Christ belongs to the world of the living, and not the dead. He is not simply a character from the distant past. No! He lives and walks before us as one who is alive. He did not remain in the tomb; His body did not see corruption. As St. Paul remarks in his Letter to the Romans, “We know that Christ raised from the dead dies no more, death no longer has power over Him”. (Rom. 6:10)

On either side of life, we are with Christ.

Edith Stein and her sister, Rosa, were both Jewish converts to the Catholic faith, and members of a contemplative order, the Carmelites. One day in 1945, the two women were arrested by German authorities and shortly thereafter were forced to board a train headed eastward… to one of the most notorious concentration camps, Auschwitz. According to reliable witnesses Edith Stein (Sr. Benedicta of the Cross), remained largely serene throughout the entire ordeal. At one point in her journey, she turned to her sister and said, “Rosa, we must go for our people. We are headed east, towards the dawn, towards the Rising Sun.” Her faith in the Resurrection never wavered. She remained steadfast in her Christian faith until the day of her martyrdom.

Today, night seems to have fallen in those countries where Christians are persecuted with impunity and even killed for their faith in the crucified and risen Christ. Darkness seems to reign supreme in many places in our troubled world. But there is no need for us to be anxious. After all, we are the victors. We are on the winning side. Christ is no longer in the tomb. He has been raised from the dead. Let us gladly and with enthusiasm repeat the words of Tom Bodett, a spokesman for the Motel 6 motel chain to all those who are secularists, Islamic terrorists, atheists, anti-Christian bigots and, sad to say,  members of the mostly hostile mainstream media: “We”ll leave the light on for you”.

“This is the day the Lord has made, let us rejoice and be glad.”

Amen!

 

April 19, 2019 Good Friday Homily:

“Wordless is the Word of the Father who made every creature which speaks.”

                                                                                 St. Maximos the Confessor

Listen attentively to the words of the prophet: “Like a lamb that is led to the slaughter and like a sheep before its shearers, so he opened not his mouth”

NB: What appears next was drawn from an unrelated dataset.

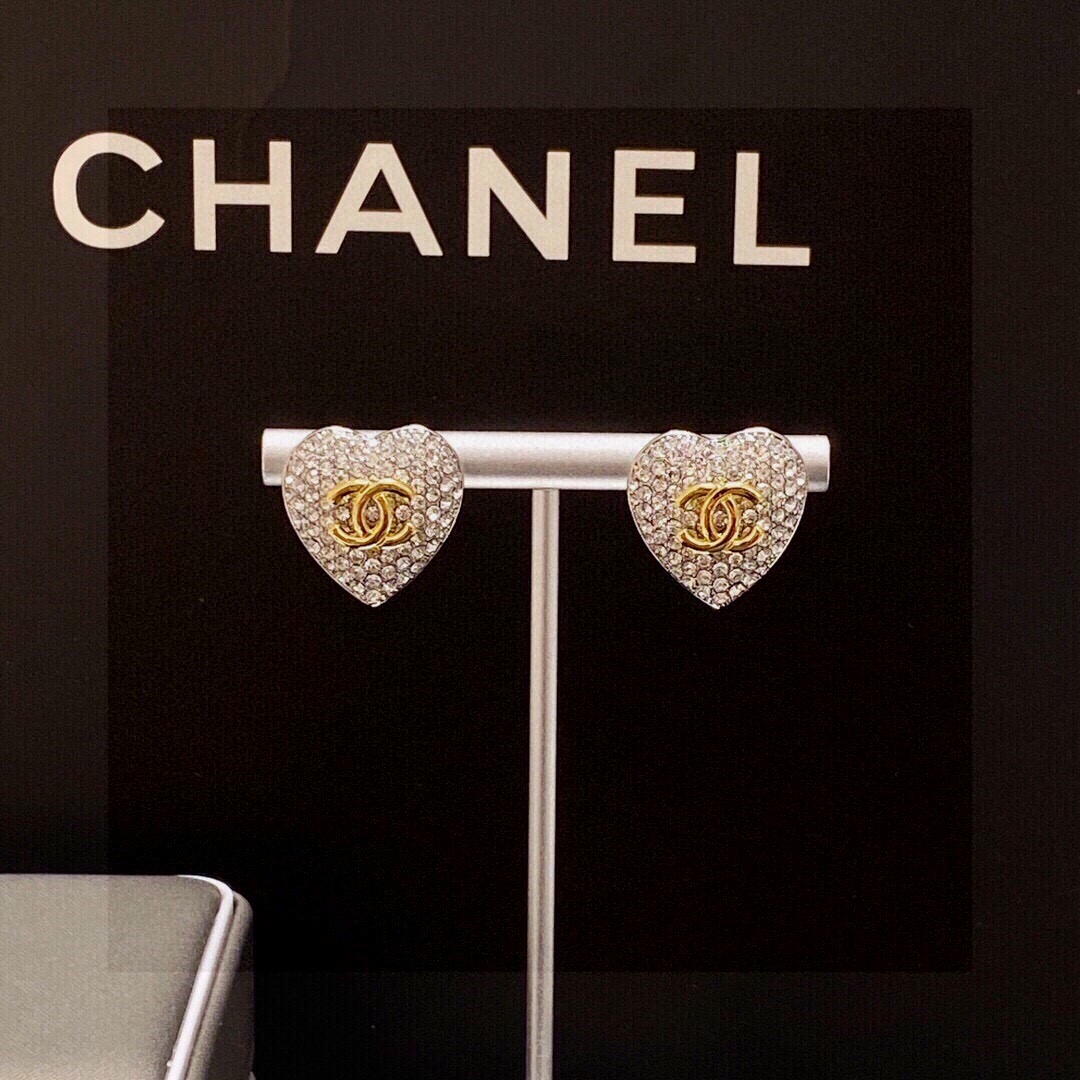 P50😊😊香奈儿 CHANEL 闪闪发光✨新款满钻爱心🧡耳钉❣️原版黄铜 材质🌺 💎顶级原单品质、最高代购级别✨时尚人士必须拥有💓 🌹进口专柜材质、不是市面低版本可以媲美的💥出入海关专柜无压力💥.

Silence is one of the characteristics of Our Lord’s Passion. When he appeared before Pilate, the Roman Procurator, He gave him the silent treatment. Pilate: “Where are you from?” Jesus did not answer him. So Pilate said to him, “So you do not speak to me! Do you not know that I have the power to release you or crucify you?” Jesus said not a word when Pilate condemned him to death. His remarkable calm under duress must have stunned the jaded representative of Rome. Normally, the accused experience a shock upon hearing the death sentence passed on him.

The High Priest, Caiaphas must have been unnerved by Christ as well. At the religious trial of Jesus, Caiaphas thundered, “Have you no answers to the accusations against you?” Jesus did not reply. He was still silent, still did not answer.

When people insulted Jesus on Good Friday and shouted, “crucify him, crucify him”, he remained silent.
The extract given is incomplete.